Now I took what the compiler did and turned it into:
float C_fVector3D::Length(void) {
float f;
__asm {
mov ecx,[this].m_data
movaps xmm0,[ecx]
movaps xmm1,xmm0
mulps xmm1,xmm0
mov eax,esp
and eax,0xfffffff0
movaps [eax+32],xmm1
fld dword ptr [eax+32]
fadd dword ptr [eax+36]
fadd dword ptr [eax+40]
fstp f
movss xmm0,f
sqrtss xmm0,xmm0
movss f,xmm0
}
return f;
}
....and it's 3x slower then my SSE. (Although now it seems I cant reproduce that) Ack. Is the sky green and the grass blue? I feel lost. Doing 10x more iterations yields .... ~10x the time I'm given initially in all cases. So now I tried using RDTSC just for the code inside the function to get a guesstimate..... and the SSE is "faster"?!?!? What is going on here?
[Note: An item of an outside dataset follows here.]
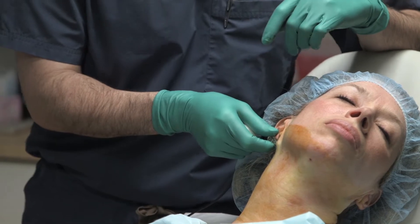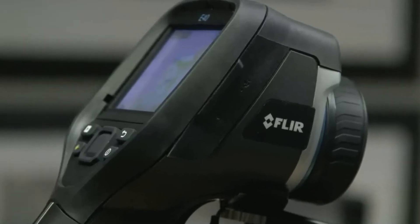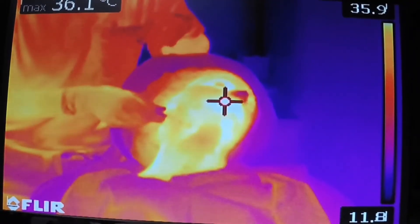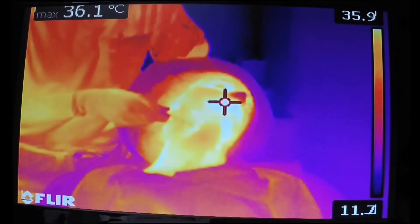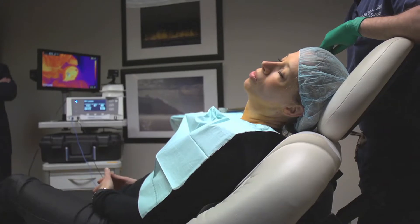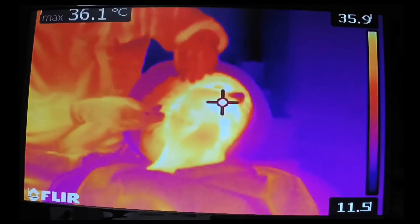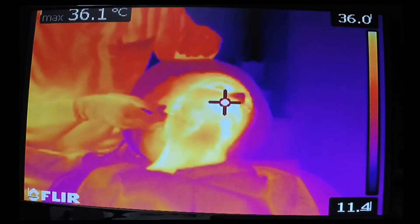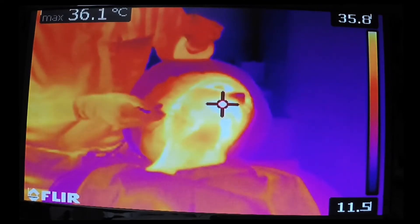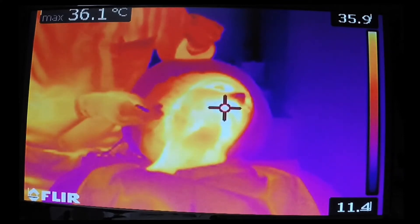During the procedure, a FLIR thermal camera is used to watch the temperature in the neck while the heat is being introduced. As you can see on this screen, we've begun to start the procedure from the right lateral neck. There is a crosshairs that shows up on the FLIR screen which measures the temperature of the neck at about four times per second, and this crosshair flies to the hottest part in the neck.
if you look in the first post of the first thread in the Laboratory sub-forum,
you will find a d/l for MichaelW's timers.asm timing macros
just place the un-zipped file in your \masm32\macros folder
here is a simple example of how to use the macros
if the code takes a considerable amount of time, you may want to use HIGH_PRIORITY_CLASS instead of REALTIME
INCLUDE \masm32\include\masm32rt.inc
.586
INCLUDE \masm32\macros\timers.asm
LOOP_COUNT EQU 400000000
.code
_main PROC
;select core 0
INVOKE GetCurrentProcess
INVOKE SetProcessAffinityMask,eax,1
INVOKE Sleep,500
mov ecx,3
test00: push ecx
;----------------------------
counter_begin LOOP_COUNT,REALTIME_PRIORITY_CLASS
;----------------------------
;code to be timed
mov eax,1
; bsr ecx,eax
xor ecx,ecx
bsr ecx,eax
;----------------------------
counter_end
;----------------------------
print str$(eax),9,"clock cycles",13,10
pop ecx
dec ecx
jnz test00
; inkey
exit
_main ENDP
END _main
the order of the first 3 lines is somewhat important
the masm32rt.inc file sets the processor to .486
the timers.asm macros require it to be .586 or higher
you can get fairly good results if you adjust the LOOP_COUNT EQUate so each test takes about 500 ms or more
Well, if you use floating point operation it mean a longer time to calculate. Assembler user is not only us, but many. Most of compiler makers is understand assembler too and they posible to make an optimized code. If you cant beat the standard C library, it mean, nothing you should create.